Why Pandora has been good for radio

Comment from Peter Saxon

I’ve long argued that streaming services like Pandora and Spotify would have little affect on radio audiences. So far, in Australia at least, I’ve been right but not necessarily for the right reasons.

The core of my argument was that since the invention of the radiogram and 8-Track in-car audio, radio has always co-existed with listener-owned music. And while the streaming companies that give you access to millions of songs curated to your own tastes do an awesome job of taking the user experience to another level, they have merely replaced the iPod as the personal player of choice and barely dented radio. 

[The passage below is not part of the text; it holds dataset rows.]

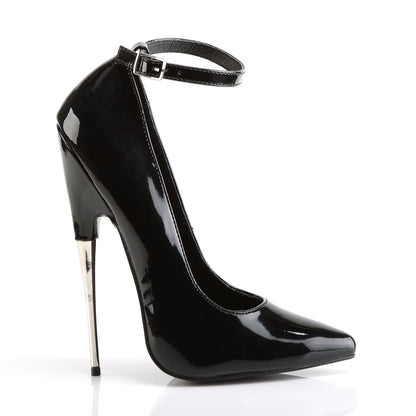 Devious Pompes pour femmes SCREAM-12 blk pat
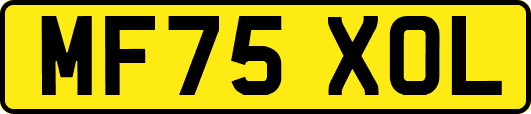 MF75XOL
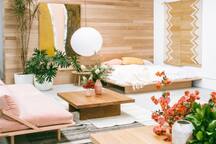 THE LOFT by Pop & Scott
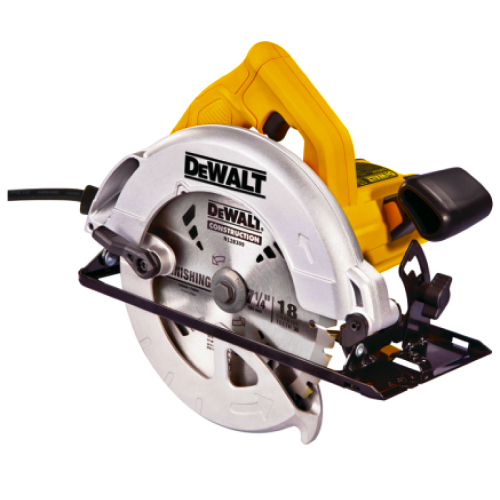 SIERRA CIRCULAR DEWALT 7 1/4" 1400W DWE560
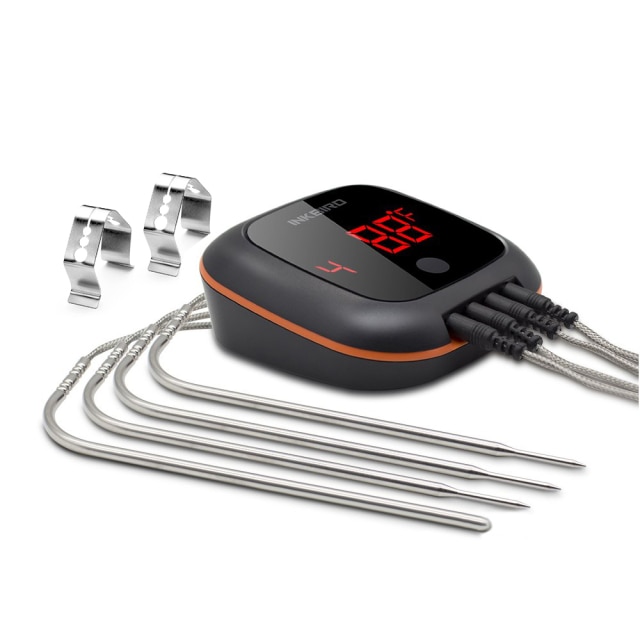 4 probes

However, there’s a fly in the ointment of my argument. You couldn’t buy advertising on my iPod. You can on Spotify and Pandora. Not only that, these upstart startups have the audacity to call themselves radio. Surely then, one would expect them to divide the market, siphoning off great scads of revenue from “real” or “proper” radio. Or at least that’s what the pundits predicted.

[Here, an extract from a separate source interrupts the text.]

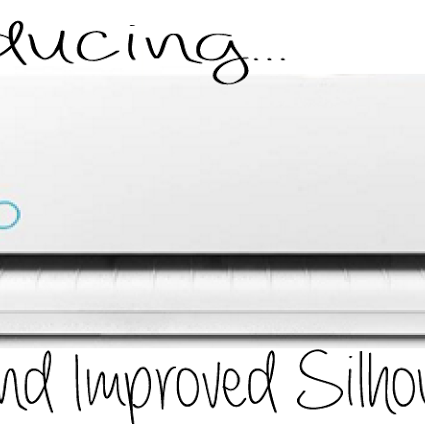 Introducing the New Silhouette Cameo 2014!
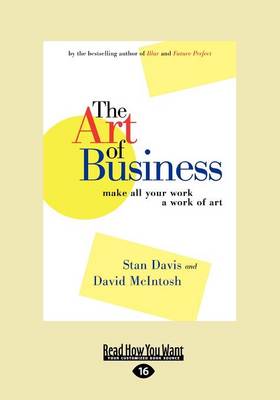 Book cover for The Art of Business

Digital or new media in all it’s forms has had a dire effect on both Free to Air television and all forms of print. Yet, radio has thrived, increasing its revenue year-on-year every year since the end of the GFC. Up more than 6% in FY 2016 alone.

Incredibly, despite the widespread fragmentation of media, radio has maintained its share of the total advertising spend which has, for the past 30 years or so hovered around the eight per cent mark. In fact PwC predicts that commercial radio will still command 7.2 per cent of ad spend by the year 2020.

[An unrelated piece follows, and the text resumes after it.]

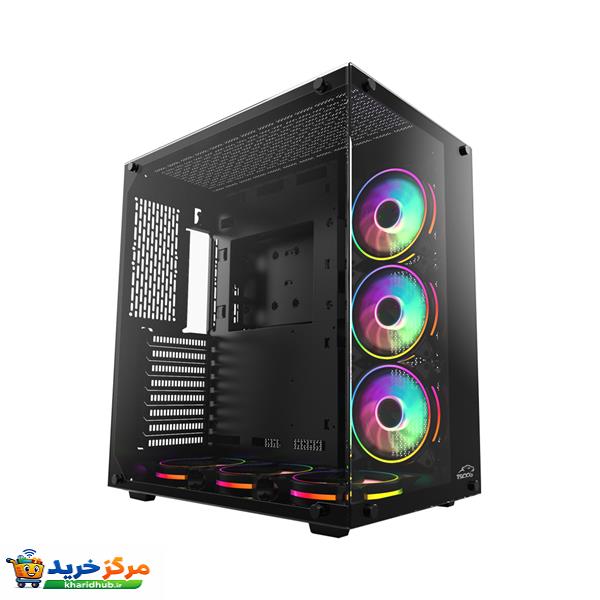 کیس کامپیوتر گیمینگ تسکو مدل GC 4492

Meanwhile, FTA television is set to lose almost a third of it’s already depleted 25.5% share (as measured in 2015) and will have to make do with 18.5% of ad revenue by 2020. 

Newspapers, which were already down to 16.2% in 2015 (from historical highs of up to 40%) are expected by PwC to sink to as low as 10% by 2020.

Why is radio so resilient in the face of such aggressive and diverse opposition?

Well, for one thing (which I’ve said many times before) radio has adapted early and rather than fight new media, has embraced it and used it strategically to its advantage.

But here’s the bit that only time could have told and therefore hasn’t become apparent till recently: Far from eroding commercial radio revenues, the entry of streaming services has helped grow the market.

Many, me among them, feared that by labeling themselves as “radio” the streaming services would  confuse the marketplace, steal radio’s clothes and eat its lunch. Instead, all the hype surrounding the introduction of streaming has merely served to draw attention to the qualities of real radio. Advertisers have looked on the oft neglected medium with fresh eyes and seeing how it has evolved in the 21st century.

It is relatively recently that the term “audio” has been added to the advertising lexicon. There seems no reason why within the “audio” sector, real radio and streaming can’t happily co-exist as complementary platforms. While FTA television and print are in decline, audio is rising. Of course, with commercial radio being a mature and relatively stable industry, most of that growth comes from the streaming services.

Nonetheless, with all the recent turmoil surrounding programatic ad placements and accountability on digital platforms, as most advertisers have come to realise, radio remains the most reliable way to reach mass audiences cost effectively.